FUNDAMENTALLY FLAWED: Our need for rescue, and the role of love & pride.

This short post will offer a few ideas on some deep subjects!! What I present is akin to a unified theory of human behavior, based on a fundamental flaw in our identity that sets in motion several dynamics. Why for instance, do people insist that their worldview, their decisions & opinions are completely right, that they can never be wrong; AND YET once a single mistake is admitted, that person’s entire mental house of cards collapses and they convert to being a truther exposing the conspiracy, or convert to being a hard-core Christian (or some other conversion experience)?? Why for instance, will a woman take between 2 to 60 seconds to size up a man, hold on to that lasting impression as a factual conclusion until the Honeymoon period is over, and then blame the man for no longer being the same man she fell in love with (“You changed!”) ??

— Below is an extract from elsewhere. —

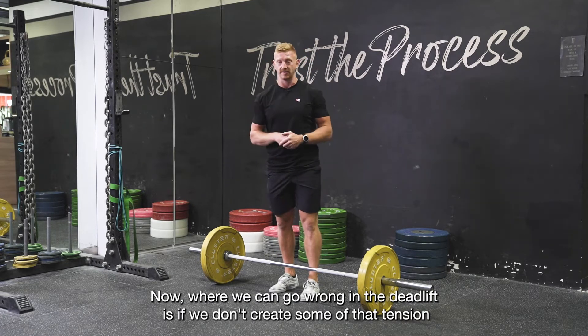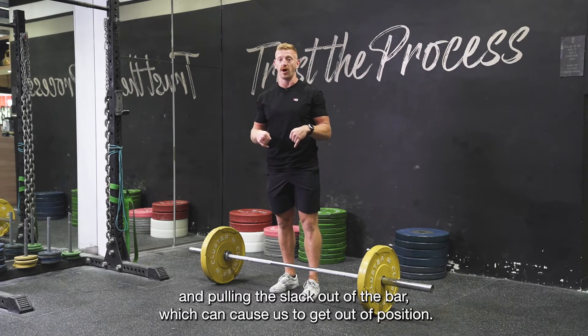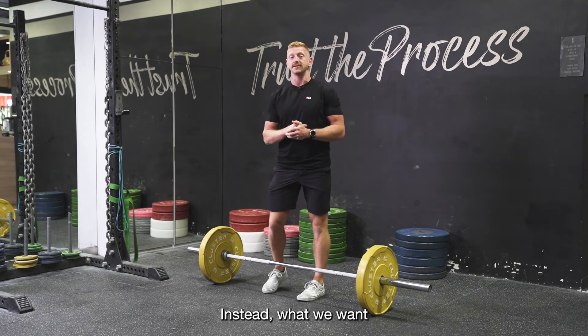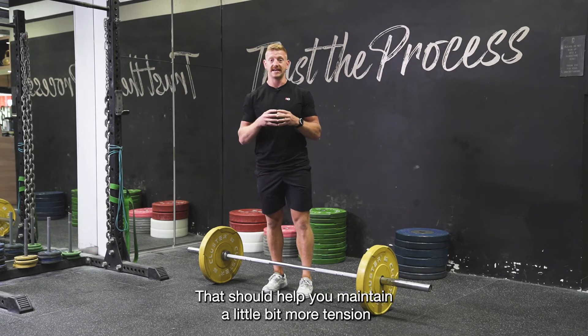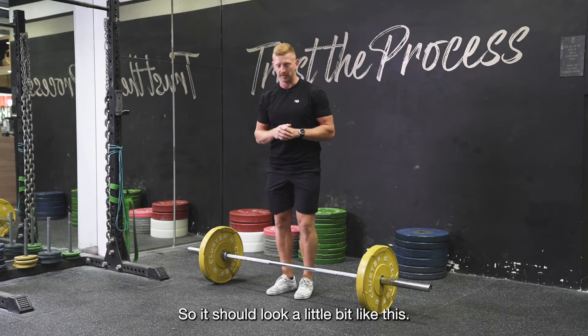Where we can go wrong in the deadlift is if we don't create that tension by pulling the slack out of the bar, which can cause us to get out of position. What we want is for you to hear that little click just before you start to pull the barbell off the floor — that should help you maintain a little bit more tension as you're lifting the heavy weight off the floor. So it should look a little bit like this.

Life designs us to have a need for love. (Granted some people give up on what they need (“I am not likeable”), and sometimes at that point reject humanity & become dangerous.) Still life designs us to need love. It all goes back to our perception of who or what we are, our self-identity. In the womb, our identity is that we are part of our mother: we are one with her so we don’t see a “her”, we only experience that we are one with our mom, we seem to have timelessly always existed as part of her, and from our limited perspective we know her and she (as part of us) knows us intimately. As an infant we begin with no sense of a separate identity, and as we gain that identity we also realize that we don’t really understand the person (our mom) that we thought we were. The intimacy of love sees through that veil-like gap. If really strong it is more like a bridge. And every time that we are wrong it reminds us that we are really disconnected from everything and on our own. To be more blunt ALONE. We are trapped in a body & mind separate from the rest of the world…stranded on the emotional island of our mind, with true love being our hope to escape that island, to reconnect, to be understood. Love unifies souls & transcends time.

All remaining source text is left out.